Business & Finance
DaimlerChrysler's US division is headed back into the red for the first quarter of 2003, the automaker warned, less than four months after reporting it had earned a $640 million profit last year. In a statement issued in Germany, the company said its Chrysler Group will lose about $1.17 billion, blaming fierce competition with General Motors and Ford that has forced it to offer rebates and cheap financing. The situation, it added, will make it "difficult to achieve the operating profit target of $2 billion for 2003." In a related development, the automaker canceled a planned five-year, $2.5 billion bond issue.
Without saying how or when, troubled Cable & Wireless PLC indicated it will cease operations in the US, where it has $652 million worth of property and communications network leases and almost 2,800 employees.
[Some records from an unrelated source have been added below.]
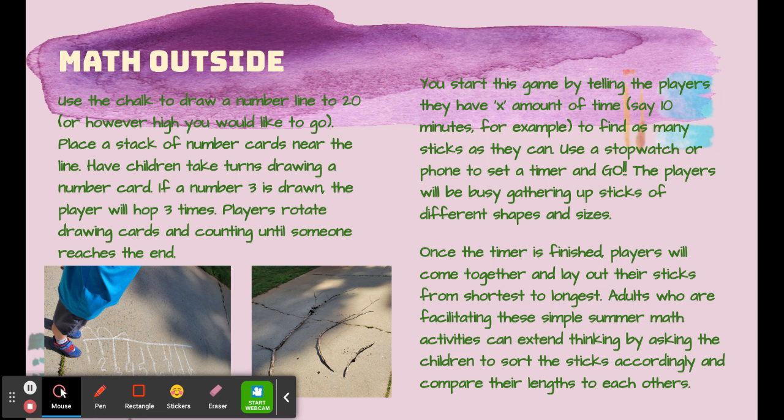Other ways to take math outside might include writing math facts with chalk on the ground and smashing them with water balloons, like we're going to see with reading in the next slide.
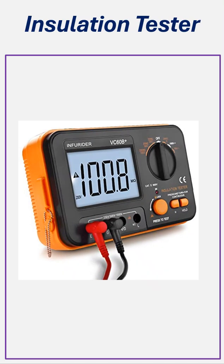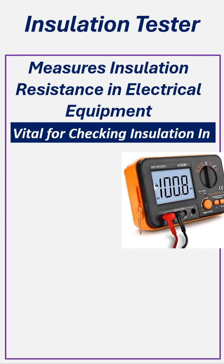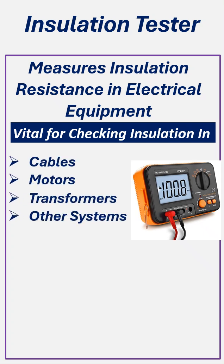Insulation Tester. An insulation tester, or megohm meter, measures insulation resistance in electrical equipment to ensure integrity and safety. It is vital for checking insulation in cables, motors, transformers, and other systems, preventing electrical leakage, shocks, and electrical hazards.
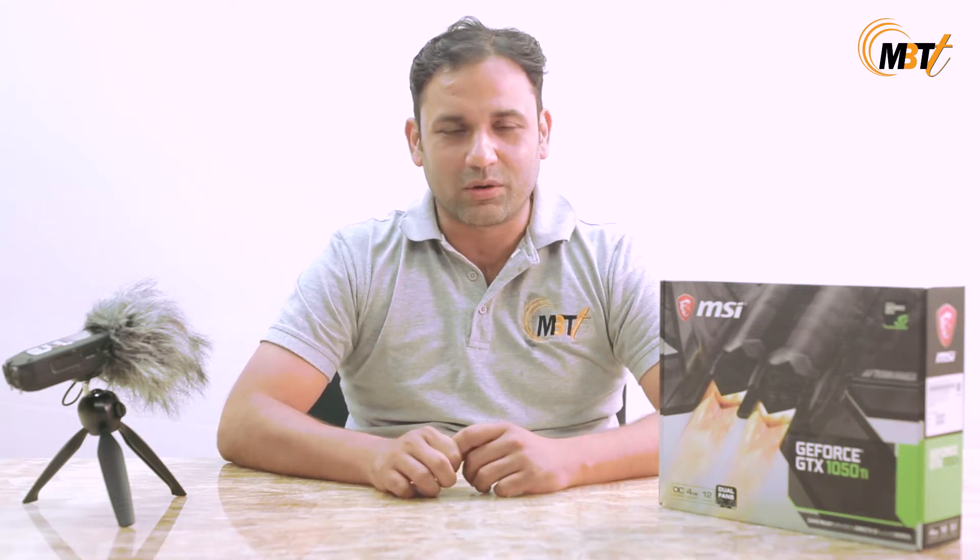Hello everyone! We all must have played computer games, video games, or even games over the internet at some point in our lives. It must have been a pastime for some of us, but most of us would have done it on a very serious note. I am Nitin and I welcome you all to my channel MBT.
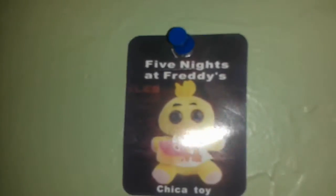The regular Chica tag I got is different. This Chica tag has Freddy on it — see, it has Freddy. Collectible plushies.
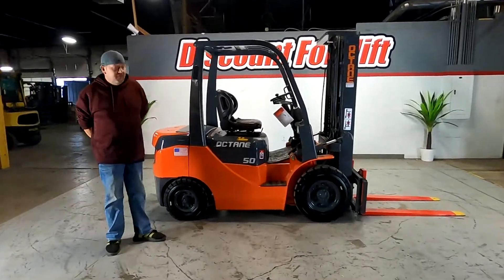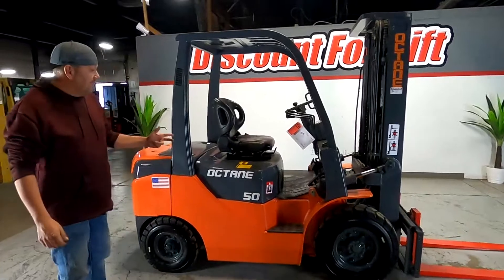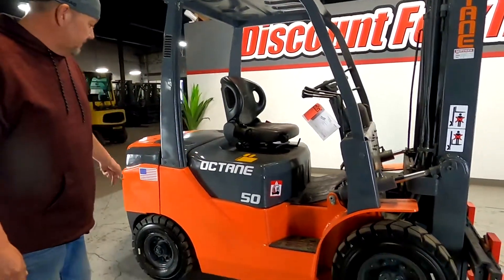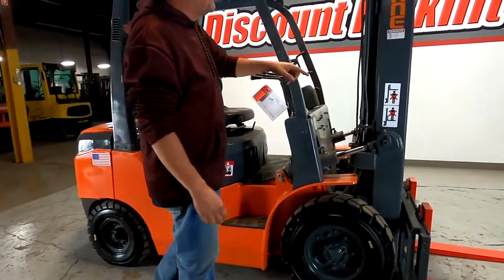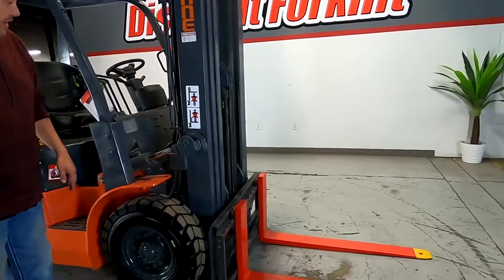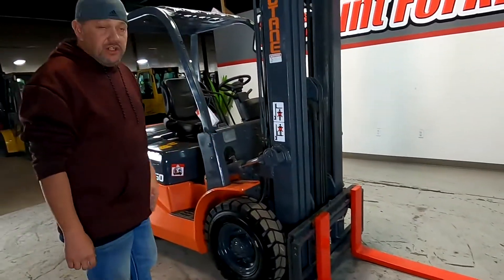Hey guys, I'd like to introduce you to this 2014 Octane 5,000 pound capacity forklift. You got your aeronautics grooved out real nice, you got the three-stage mast right here with your safety painted forks, side shift — very well equipped. I'm gonna jump in it and show you what you can do.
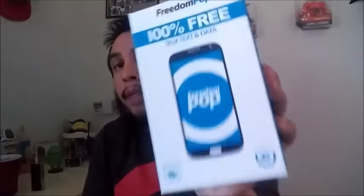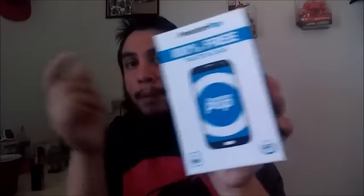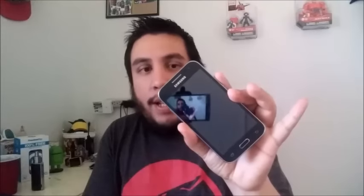What's up everybody, Tito with Aloha Android, and today I'm going to be giving you guys my review of the Samsung Galaxy Core Prime from Freedom Pop. This review is going to be a little different because I did do an unboxing and talked about the specs with the Galaxy Prevail LTE — the Galaxy Core Prime and the Prevail LTE are basically the same phone. What I want to talk about is my experience with the Galaxy Core Prime on Freedom Pop.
The company announced it will refocus efforts in its home base, Britain, although that will involve 1,500 new layoffs and suspension of a dividend for shareholders this year, the first such decision since it was sold to private investors in 1981.
WellPoint Health Networks, the No. 2 US health insurer, agreed to buy Wisconsin HMO provider Cobalt Corp. for just under $1 billion in cash and stock, the companies announced Tuesday. The merger marks the latest in a series of regional acquisitions by WellPoint of Thousand Oaks, Calif. Cobalt is based in Milwaukee.
Auditing giant KPMG International's $125 million settlement with current and former investors in Rite Aid Corp. - who sued over its failure to detect $1.6 billion in misstated earnings by the pharmacy chain - was OK'd by a judge in Philadelphia. He also signed off on $31.7 million in legal fees for two firms that handled the case. Final approval had been held up by a stockholder who claimed the fees were excessive.